田園と凍土

1月23日月曜日。

嵐のような年末年始が過ぎ去った。
今年はちゃんと里帰りをしようということだけは決めていた。だから昨年末はまとめて休みにした。12月22日に帰省をし2週間近くもの間、鳥取にいた。
ただ別に早く戻ったからと言って何をするわけでもない、ただ慌ただしい周囲の人波を横から見るだけだ。普段生活している関西ではではなかなか過ごすことのできない、ゆったりとした時間にひたすら身を任せていた。

鳥取に帰っている間は楽器は持たないと決めていた。だからヴィオラは持って帰らなかった。
不思議なもので、”何が何でも演奏はしない”と心に決めていても、それが近くにあるとなぜか手に持ってしまう。そして手に持ってしまうと、自然と音を出してしまうのだ。こうなると最後、もうだめだ。昔弾いた曲のうち、まだ記憶の片隅に残っている(正確には頭で覚えていなくても構わない、別に実際に弾くのは手だから)曲を片端から弾き出してしまう。私は断じてヴィオラという楽器が心から好きなわけではないし、むしろ数年前から私はそれから距離を置くことさえ望んでいる。しかしなぜだろう、なんだかんだいってやめてはいないし、現に今も楽団にて演奏を続けている。そしておそらくこれから数年もやめないだろう。と、いうよりヴィオラを手放した自分の姿を想像することができない。

あーあ。
こんな調子だから結局周りの人間には、私がヴィオラを心底愛しているように映る。

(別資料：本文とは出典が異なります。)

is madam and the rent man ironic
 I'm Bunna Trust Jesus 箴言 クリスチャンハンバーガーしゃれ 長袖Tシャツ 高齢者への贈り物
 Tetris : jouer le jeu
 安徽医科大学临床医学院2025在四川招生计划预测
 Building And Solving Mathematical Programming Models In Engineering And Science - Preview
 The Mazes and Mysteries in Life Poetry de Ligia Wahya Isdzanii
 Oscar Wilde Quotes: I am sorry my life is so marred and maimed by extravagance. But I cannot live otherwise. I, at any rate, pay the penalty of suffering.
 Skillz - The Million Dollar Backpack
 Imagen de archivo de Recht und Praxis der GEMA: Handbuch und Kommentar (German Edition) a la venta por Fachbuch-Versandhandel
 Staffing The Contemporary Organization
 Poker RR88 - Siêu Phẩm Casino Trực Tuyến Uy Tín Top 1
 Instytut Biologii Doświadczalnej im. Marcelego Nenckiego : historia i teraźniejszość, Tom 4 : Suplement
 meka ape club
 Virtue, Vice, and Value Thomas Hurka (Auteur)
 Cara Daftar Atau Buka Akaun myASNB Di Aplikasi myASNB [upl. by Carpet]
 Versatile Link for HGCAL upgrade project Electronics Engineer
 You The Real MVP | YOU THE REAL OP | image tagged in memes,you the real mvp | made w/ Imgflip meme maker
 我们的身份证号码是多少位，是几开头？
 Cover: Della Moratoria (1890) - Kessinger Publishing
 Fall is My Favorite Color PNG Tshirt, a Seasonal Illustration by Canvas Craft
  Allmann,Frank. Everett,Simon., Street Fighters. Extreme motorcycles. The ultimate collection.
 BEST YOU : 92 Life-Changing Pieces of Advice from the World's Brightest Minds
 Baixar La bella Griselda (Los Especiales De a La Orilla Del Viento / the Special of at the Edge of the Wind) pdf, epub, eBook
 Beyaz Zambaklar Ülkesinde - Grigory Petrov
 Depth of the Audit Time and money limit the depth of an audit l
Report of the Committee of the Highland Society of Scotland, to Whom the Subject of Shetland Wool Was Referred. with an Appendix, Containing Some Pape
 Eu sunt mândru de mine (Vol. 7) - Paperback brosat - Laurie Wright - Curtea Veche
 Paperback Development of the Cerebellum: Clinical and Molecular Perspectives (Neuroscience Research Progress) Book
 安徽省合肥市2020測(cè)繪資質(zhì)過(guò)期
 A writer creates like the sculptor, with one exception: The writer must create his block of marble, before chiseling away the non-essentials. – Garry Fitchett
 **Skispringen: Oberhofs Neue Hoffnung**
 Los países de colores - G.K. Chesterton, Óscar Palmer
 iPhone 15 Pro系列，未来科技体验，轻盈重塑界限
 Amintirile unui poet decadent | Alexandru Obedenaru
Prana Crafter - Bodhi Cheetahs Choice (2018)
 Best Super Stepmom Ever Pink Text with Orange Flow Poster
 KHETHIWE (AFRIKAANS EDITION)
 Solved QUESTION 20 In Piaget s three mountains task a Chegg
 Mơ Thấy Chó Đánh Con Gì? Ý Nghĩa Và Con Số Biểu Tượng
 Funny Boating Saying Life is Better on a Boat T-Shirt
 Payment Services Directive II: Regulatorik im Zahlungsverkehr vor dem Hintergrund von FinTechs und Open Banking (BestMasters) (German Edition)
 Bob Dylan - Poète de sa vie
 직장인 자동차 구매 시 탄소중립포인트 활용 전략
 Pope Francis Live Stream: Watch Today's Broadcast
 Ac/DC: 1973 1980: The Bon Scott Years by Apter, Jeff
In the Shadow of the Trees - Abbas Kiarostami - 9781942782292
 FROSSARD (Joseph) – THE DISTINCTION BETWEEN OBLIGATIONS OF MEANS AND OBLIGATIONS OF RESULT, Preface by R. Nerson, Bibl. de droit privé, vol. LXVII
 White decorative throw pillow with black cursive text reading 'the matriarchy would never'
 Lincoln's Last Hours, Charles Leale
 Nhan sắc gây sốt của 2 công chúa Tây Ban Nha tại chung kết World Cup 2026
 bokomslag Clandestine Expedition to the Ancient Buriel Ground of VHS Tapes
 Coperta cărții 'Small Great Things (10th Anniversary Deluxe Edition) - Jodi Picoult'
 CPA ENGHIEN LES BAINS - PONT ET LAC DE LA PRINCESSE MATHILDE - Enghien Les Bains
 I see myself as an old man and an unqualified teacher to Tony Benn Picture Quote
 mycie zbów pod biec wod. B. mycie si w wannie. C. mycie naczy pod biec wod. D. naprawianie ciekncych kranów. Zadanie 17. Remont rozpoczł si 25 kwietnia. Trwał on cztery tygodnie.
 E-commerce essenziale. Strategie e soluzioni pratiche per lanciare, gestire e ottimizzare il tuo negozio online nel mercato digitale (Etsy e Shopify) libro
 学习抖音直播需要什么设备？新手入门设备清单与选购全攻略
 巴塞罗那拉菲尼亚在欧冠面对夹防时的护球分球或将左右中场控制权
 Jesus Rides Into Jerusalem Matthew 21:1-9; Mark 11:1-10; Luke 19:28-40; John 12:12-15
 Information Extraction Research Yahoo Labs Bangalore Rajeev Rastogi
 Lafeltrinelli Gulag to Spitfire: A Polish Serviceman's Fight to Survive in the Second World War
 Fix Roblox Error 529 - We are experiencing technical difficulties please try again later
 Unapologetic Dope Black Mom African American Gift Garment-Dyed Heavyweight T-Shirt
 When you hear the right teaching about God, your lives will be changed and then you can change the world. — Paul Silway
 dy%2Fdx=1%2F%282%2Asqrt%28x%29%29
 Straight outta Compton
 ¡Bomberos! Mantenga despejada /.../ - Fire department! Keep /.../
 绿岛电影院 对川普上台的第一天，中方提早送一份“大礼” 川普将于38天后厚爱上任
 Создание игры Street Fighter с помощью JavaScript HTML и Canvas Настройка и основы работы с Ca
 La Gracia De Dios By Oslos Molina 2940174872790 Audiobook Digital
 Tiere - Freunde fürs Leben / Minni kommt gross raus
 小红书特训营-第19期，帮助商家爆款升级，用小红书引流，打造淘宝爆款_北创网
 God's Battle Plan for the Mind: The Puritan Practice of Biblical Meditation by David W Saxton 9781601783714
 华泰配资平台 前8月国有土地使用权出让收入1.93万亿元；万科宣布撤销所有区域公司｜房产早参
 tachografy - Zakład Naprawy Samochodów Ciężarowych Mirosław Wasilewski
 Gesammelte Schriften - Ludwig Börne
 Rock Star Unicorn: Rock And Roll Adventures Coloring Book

本当にひどい話だ。

今回の里帰りにあたり意気揚々と楽器ケースを京都に置いてきた私であったが、あっけなくその壮大で稚拙な目論見は崩れた。
実家に私が高校時代まで使っていた楽器が残っていたのである。

結局私は、せっかく手に入れた安息の2週間のほとんどを、1年ぶりの故郷で特にすることもない私は”弾きたくもない魅力的なコンチェルト”の練習に充てることになるのである。